Carman has dealt with hundreds of cases involving firearms in his 16 years as a lawyer and calls himself a firearms enthusiast. He’s taught various classes and seminars around Kentucky concerning the state's gun laws and describes himself as an avid owner and enthusiast of firearms.
Unlike other states, registering guns is not required in Kentucky. People who try to buy a gun from a licensed commercial dealer will need to fill out a form generated by federal authorities, and licensed commercial dealers do run background checks.
Carman said there generally are no differences in restrictions when it comes to different types of guns, such as handguns, shotguns and rifles unless they are certain weapons that have federal regulations. Certain accessories such as silencers and other gun modifications often require certain federal registration.
Other than those, there aren’t many restrictions.
“If I have a friend down the hall in my office who wants to sell me a gun, they hand me the gun, I hand them the cash, and assuming I’m a person that’s allowed to possess a firearm in Kentucky, that’s that,” Carman said.
Democratic State Rep. Jeffery Donohue of Louisville tried to get an assault weapon ban passed through the Kentucky legislature in 2020, but the bill never made it to a committee.
Other attempts to tighten the state’s gun laws have failed to gain traction.
In fact, Carman said the trend has been to loosen restrictions for law-abiding citizens to buy guns.

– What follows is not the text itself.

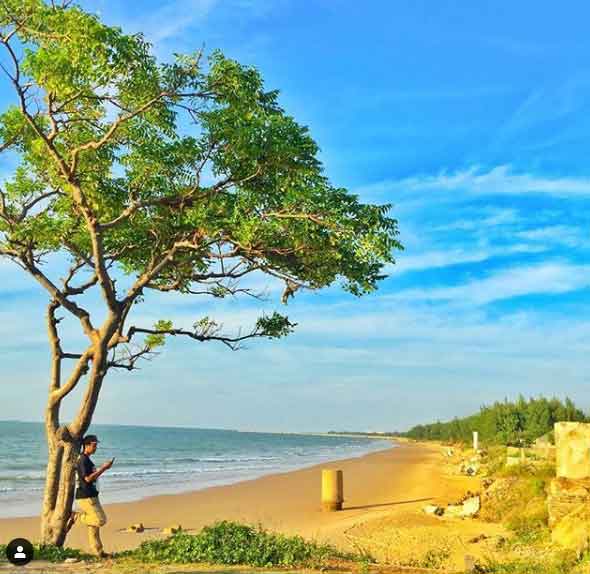 wisata pantai dekat bojonegoro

As of a few years ago, Kentucky became a so-called "constitutional carry" state, meaning it’s not necessary to get a concealed carry permit to carry a gun in a concealed fashion, though many people still do.
“Politically, Kentucky is not a particularly easy place to, state-wide at least, to try to enact legislation that restricts firearm ownership and firearm possession. It’s just not easy to do that here,” Carman said.